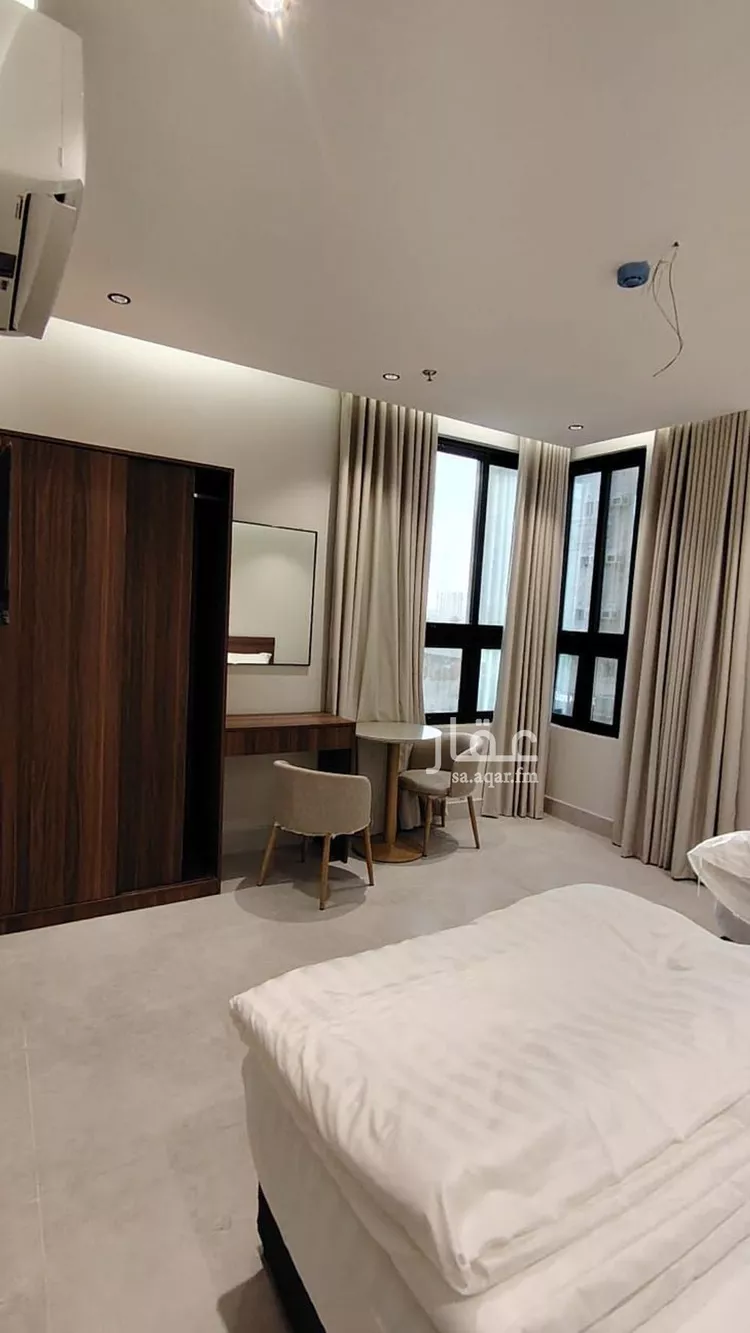 Apartment for Rent in Jeddah Al Bawadi صورة 4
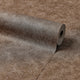 Arctic Grain Wallpaper in Mocha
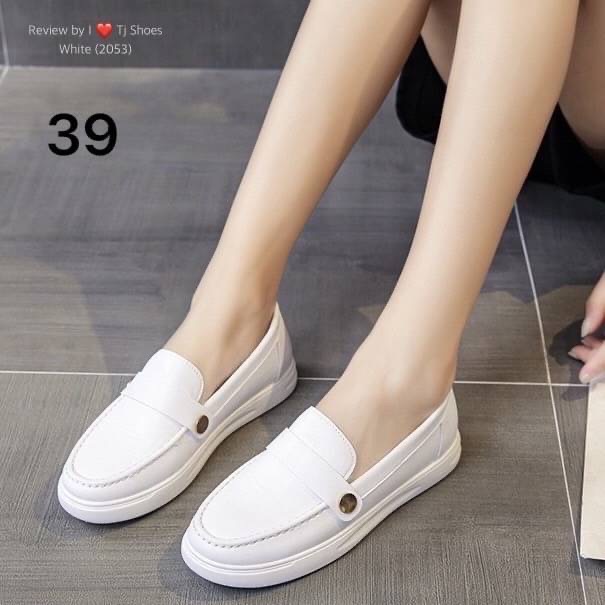 SALE ลดกระหน่ำเคลียร์สต๊อก 350 ส่งฟรี ems เลยจ้า สินค้าใหม่ไม่มีตำหนิ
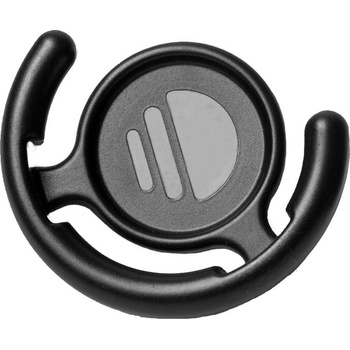 PopSockets Multi-Surface Mount, univerzální držák
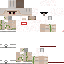 Texture for CrossfireG0D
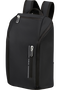 Samsonite Glam-Go Daily Backpack  Zwart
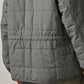 45R Weather 908 Quilt Blouson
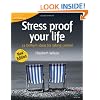Stress proof your life: 52 brilliant ideas for taking control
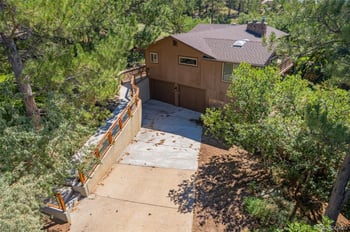 7169 Dark Horse Pl, Colorado Springs, CO 80919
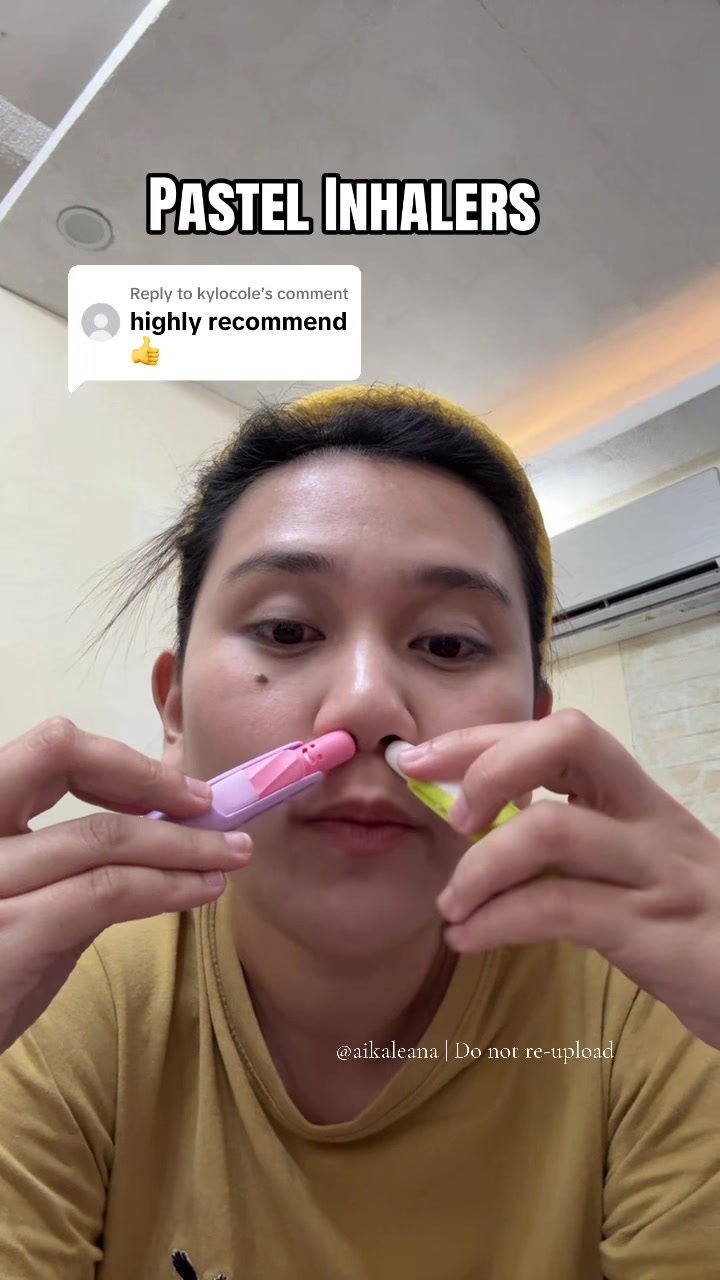 @Rica 🌸🤍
----------------------------------------
Repeat the entries exactly, without pictures.

*Exercise solution*
 Apartment for Rent in Jeddah Al Bawadi صورة 4
 Arctic Grain Wallpaper in Mocha
 SALE ลดกระหน่ำเคลียร์สต๊อก 350 ส่งฟรี ems เลยจ้า สินค้าใหม่ไม่มีตำหนิ
 PopSockets Multi-Surface Mount, univerzální držák
 Texture for CrossfireG0D
 Samsonite Glam-Go Daily Backpack  Zwart
 45R Weather 908 Quilt Blouson
Stress proof your life: 52 brilliant ideas for taking control
 7169 Dark Horse Pl, Colorado Springs, CO 80919
 @Rica 🌸🤍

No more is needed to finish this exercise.